About this task:
Copy out exactly the stretch below, from the line with "3+1-Villa in Kemer - Antalya" through the line with "Aquarilla Bikini w kolorze czarnym", both included; the pictures stay out.

*** Opening of Given data ***

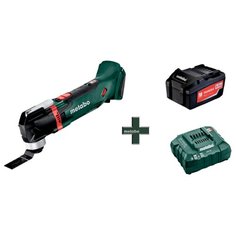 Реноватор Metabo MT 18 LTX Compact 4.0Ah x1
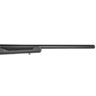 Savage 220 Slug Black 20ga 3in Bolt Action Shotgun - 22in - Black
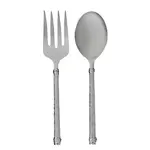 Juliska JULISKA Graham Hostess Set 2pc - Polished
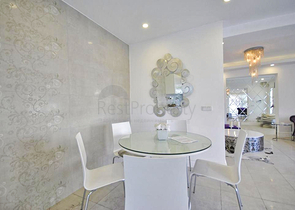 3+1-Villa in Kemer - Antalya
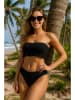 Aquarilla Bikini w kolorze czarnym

*** Close of Given data ***
*** Opening of Given data ***

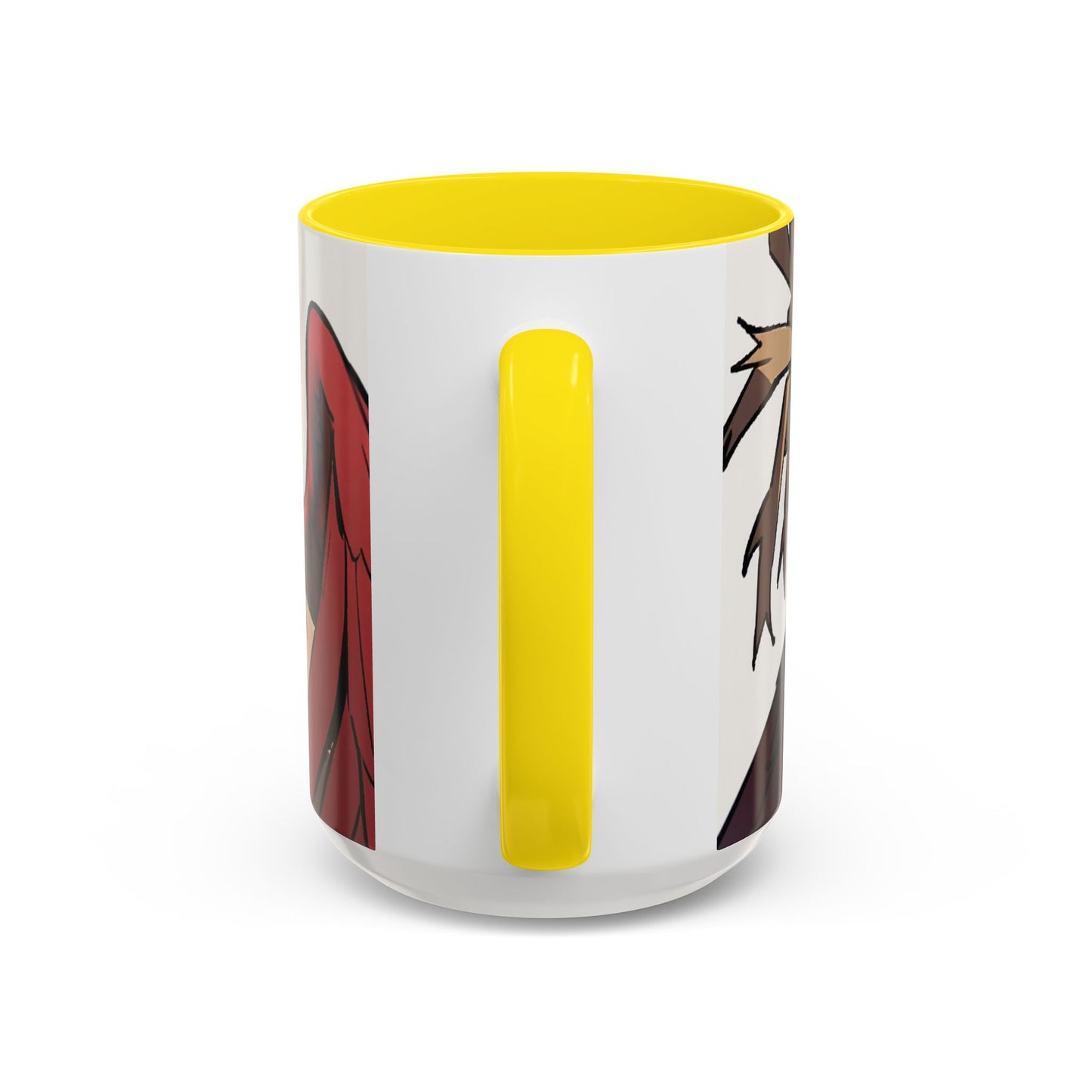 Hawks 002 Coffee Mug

*** Close of Given data ***
*** Opening of Given data ***

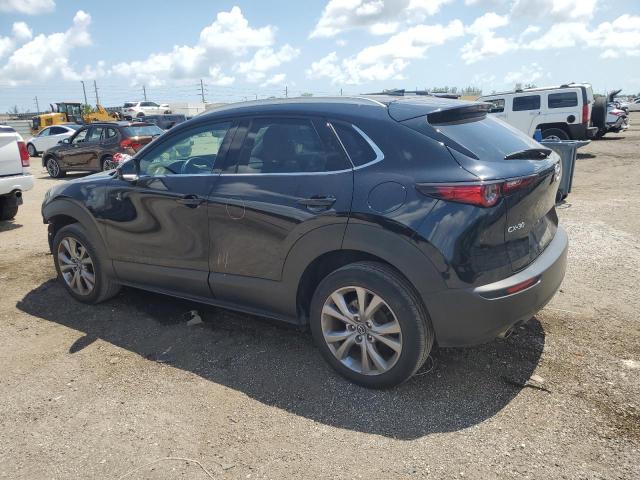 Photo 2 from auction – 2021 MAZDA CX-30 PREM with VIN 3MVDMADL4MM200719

*** Close of Given data ***

Output for this exercise:
 3+1-Villa in Kemer - Antalya
 Aquarilla Bikini w kolorze czarnym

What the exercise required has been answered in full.